Put the bag of chocolate chips (or 10oz chopped chocolate bar) in a glass bowl.
Heat the Milk
Shake the coconut milk so the fat is distributed equally in the can (unlike many coconut milk recipes that require you to chill the can overnight in order to separate the fat from the milk).Pour the coconut milk into a microwave-save glass container - perhaps a 2-cup pyrex measuring cup. Microwave the milk until hot, about 25-30 seconds.
Pour this hot coconut milk onto the chocolate chips in the bowl. Wait 1 minutes, then stir slowly with a spoon until the chips are melted. If the chips don't all dissolve, microwave the bowl in 10 second intervals and stir between each heating until the mixture is creamy and smooth.
Chill the Mixture
Cover the mixture and refrigerate it. It should be scoopable in three hours.
Scoop out 18 portions and line them up on a parchment-lined pan. Dust your hands with cacao powder and roll each portion into a round sphere shape.
Freeze the pan of formed truffles for at least 1 hour. Make sure they are frozen before coating is important to ensure you have a creamy interior and a snappy exterior, so inherent in truffles.
Coat the Truffles
When ready to coat the truffles, melt the coating ingredients (1/2 cup of chocolate chips and 1 tbsp of coconut oil) in a 2-cup pyrex glass measuring cup in the microwave at 60 seconds.
Using a skewer or toothpick, poke each ball and submerge into the chocolate, and then set back on the parchment to set. Or use a fork to lower a ball, lift and drain the chocolate, and set it on the parchment.

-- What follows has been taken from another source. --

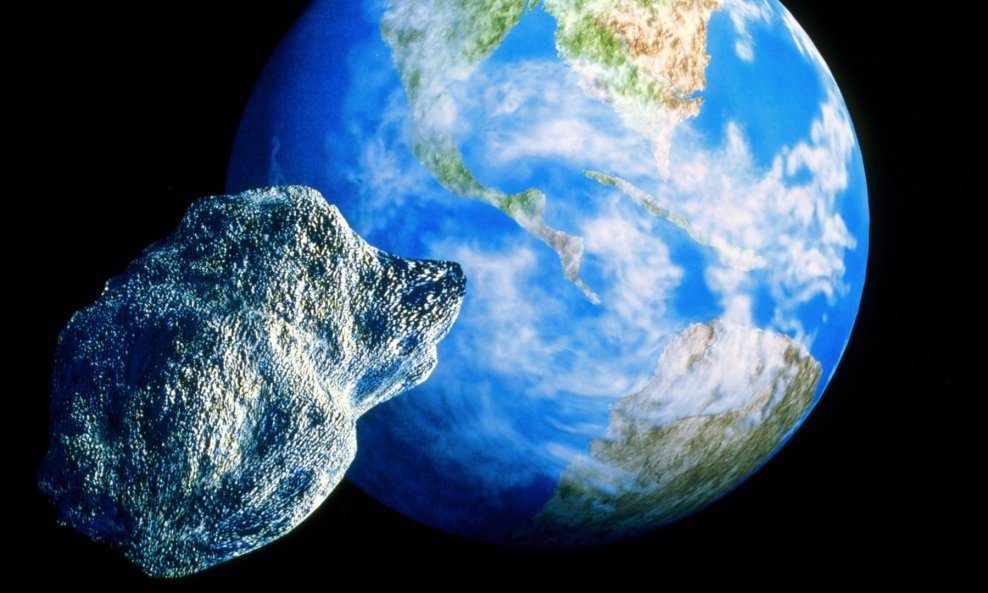 Asteroid - ilustracija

If you want to sprinkle golden stars on top, now would be the time. Or, you could sprinkle other things like cacao nibs or orange zest or rose petals?
Store your Truffles
Let the truffles harden at room temperature for an hour or so or until the shell is set. But don't let your bird land on them; our bird almost did! Then store in an airtight container at room temperature for 4 days or a week in the refrigerator although the chocolate coating may sweat. Or freeze for three months.